• **WORK INSTRUCTIONS**: Take the material below and extract the lines from the one with "Police are guarding" through the one with "a red door on", word for word, without pictures.

• **SOURCE MATERIAL**:
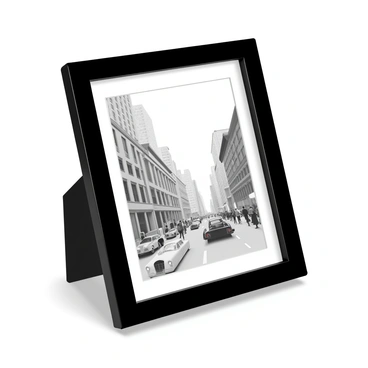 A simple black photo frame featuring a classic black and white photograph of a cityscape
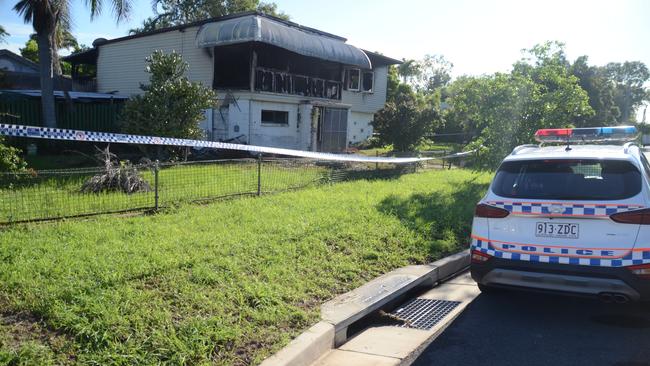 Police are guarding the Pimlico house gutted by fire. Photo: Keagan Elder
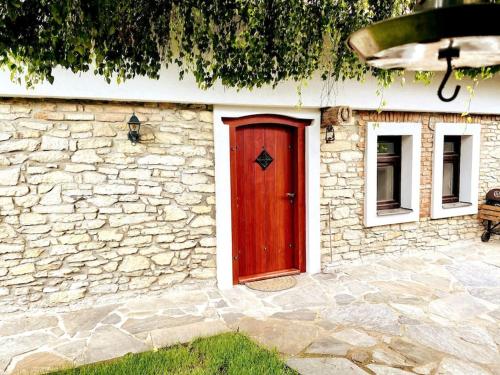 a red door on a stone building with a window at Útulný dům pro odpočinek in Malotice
--
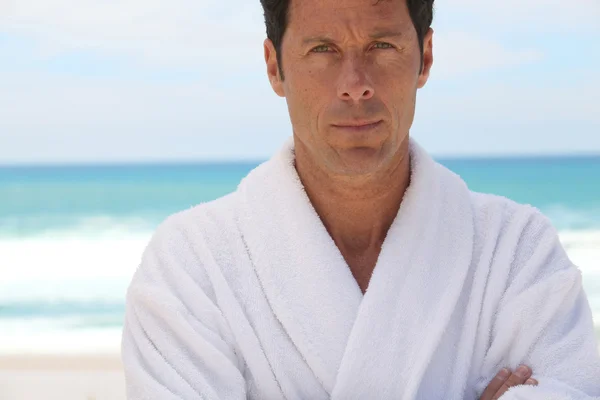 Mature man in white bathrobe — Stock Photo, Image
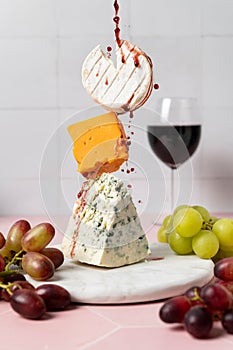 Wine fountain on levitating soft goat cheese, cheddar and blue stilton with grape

• **YOUR SOLUTION**:
 Police are guarding the Pimlico house gutted by fire. Photo: Keagan Elder
 a red door on a stone building with a window at Útulný dům pro odpočinek in Malotice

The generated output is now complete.